Instructions to follow: Repeat the records below word for word and omit each image.

Image-caption web data
══════════

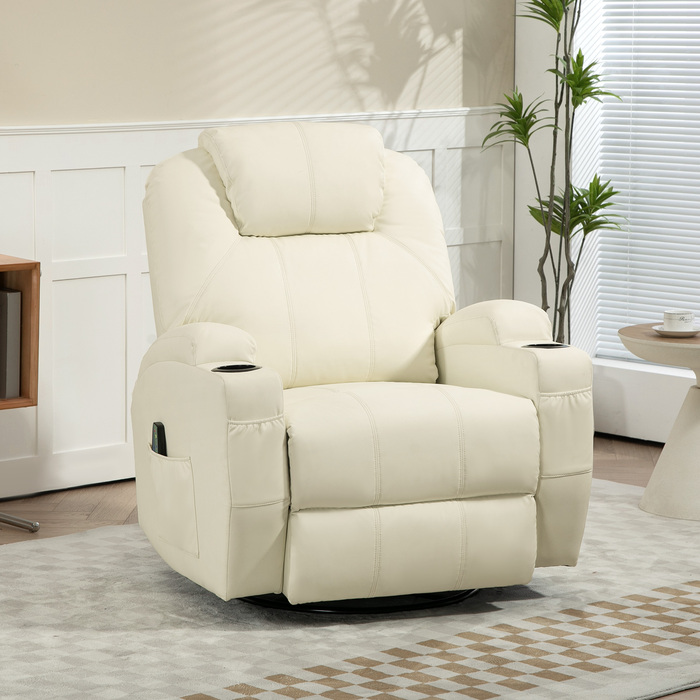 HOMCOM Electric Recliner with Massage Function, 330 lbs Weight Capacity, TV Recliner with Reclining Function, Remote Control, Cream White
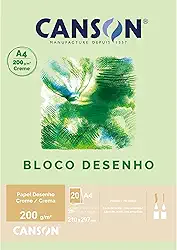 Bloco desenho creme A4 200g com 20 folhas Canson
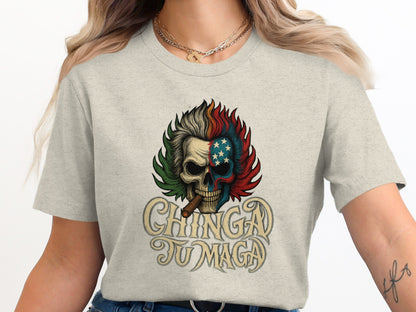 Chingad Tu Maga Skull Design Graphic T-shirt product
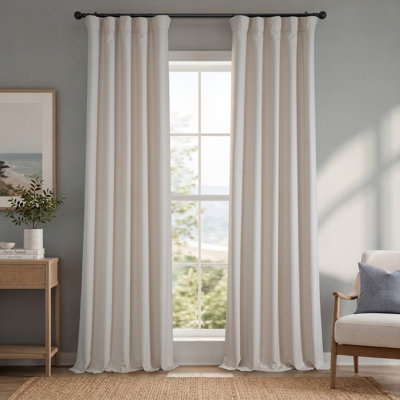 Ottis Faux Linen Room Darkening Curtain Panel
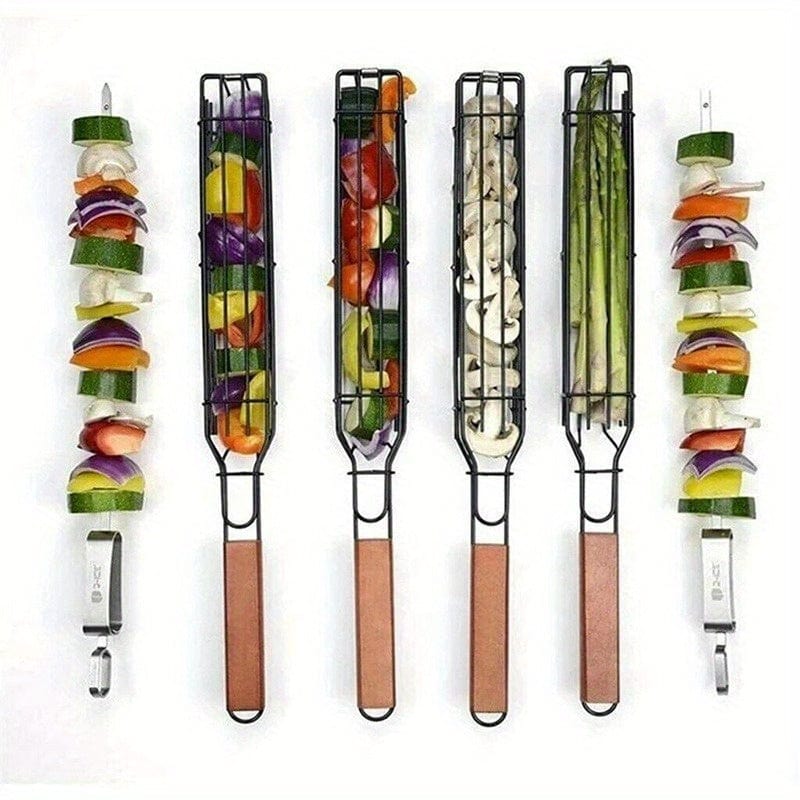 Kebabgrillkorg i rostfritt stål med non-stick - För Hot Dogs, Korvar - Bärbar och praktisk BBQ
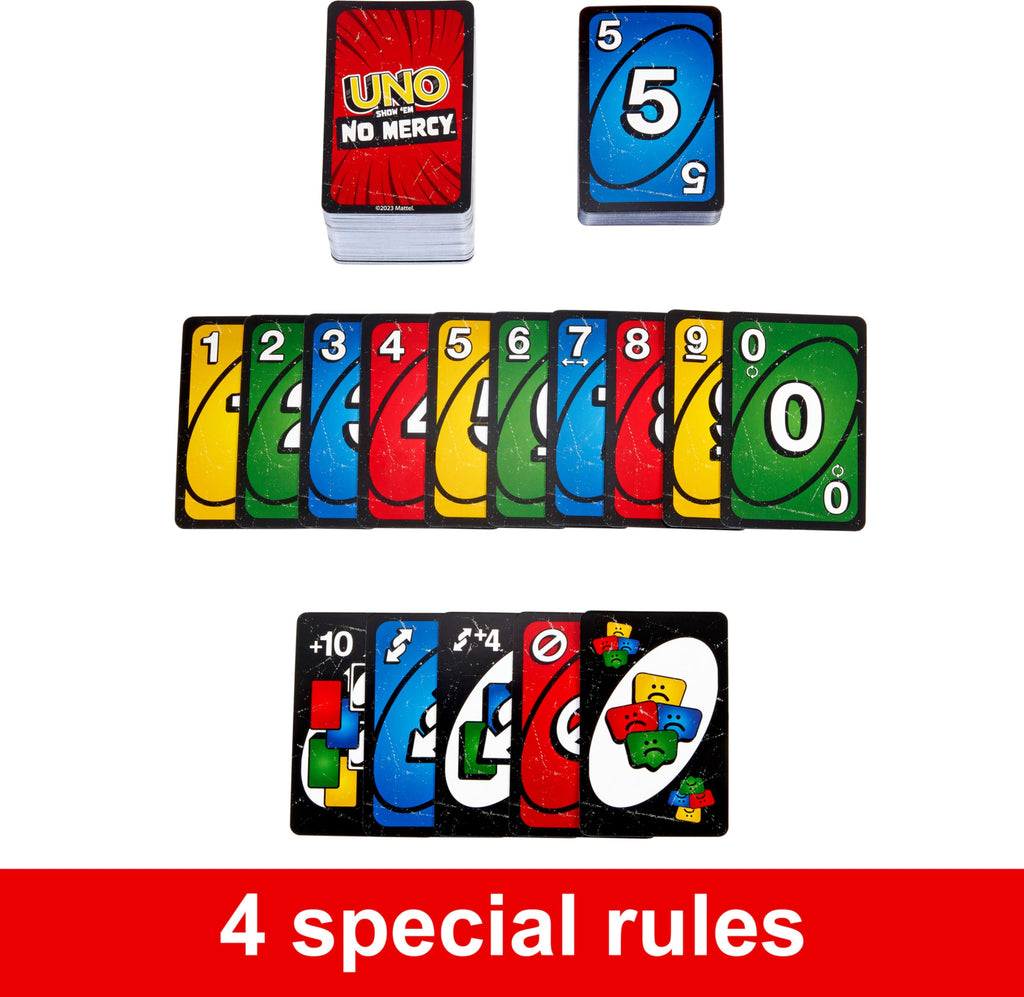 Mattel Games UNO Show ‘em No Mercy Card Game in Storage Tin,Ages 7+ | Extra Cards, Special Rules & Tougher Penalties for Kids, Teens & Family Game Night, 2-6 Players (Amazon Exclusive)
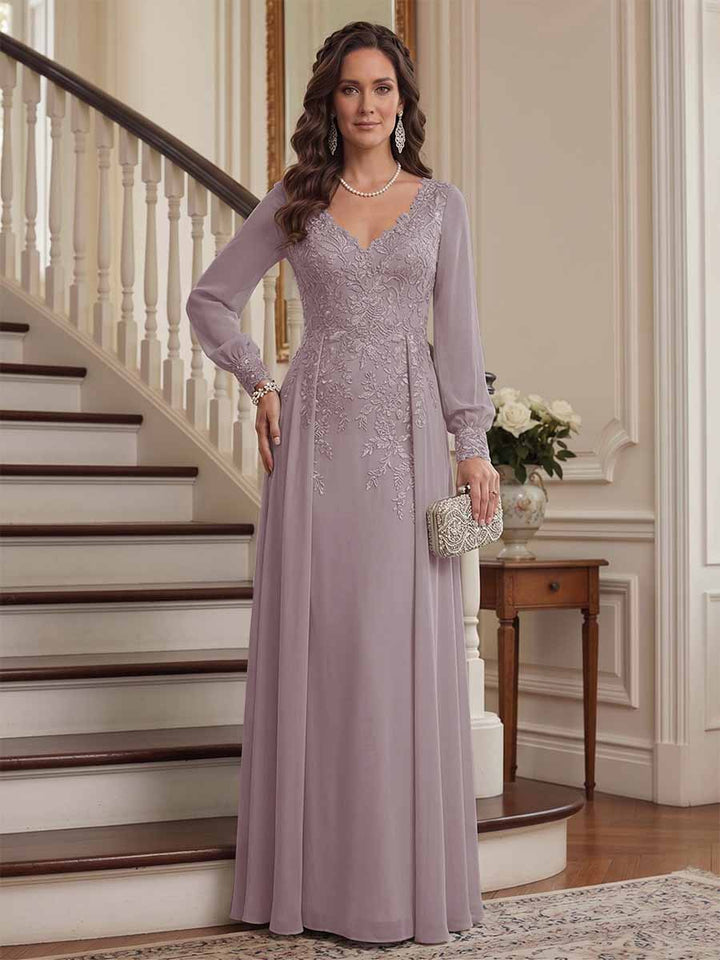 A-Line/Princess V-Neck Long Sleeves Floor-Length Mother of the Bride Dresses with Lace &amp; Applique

══════════

The answer:
 HOMCOM Electric Recliner with Massage Function, 330 lbs Weight Capacity, TV Recliner with Reclining Function, Remote Control, Cream White
 Bloco desenho creme A4 200g com 20 folhas Canson
 Chingad Tu Maga Skull Design Graphic T-shirt product
 Ottis Faux Linen Room Darkening Curtain Panel
 Kebabgrillkorg i rostfritt stål med non-stick - För Hot Dogs, Korvar - Bärbar och praktisk BBQ
 Mattel Games UNO Show ‘em No Mercy Card Game in Storage Tin,Ages 7+ | Extra Cards, Special Rules & Tougher Penalties for Kids, Teens & Family Game Night, 2-6 Players (Amazon Exclusive)
 A-Line/Princess V-Neck Long Sleeves Floor-Length Mother of the Bride Dresses with Lace &amp; Applique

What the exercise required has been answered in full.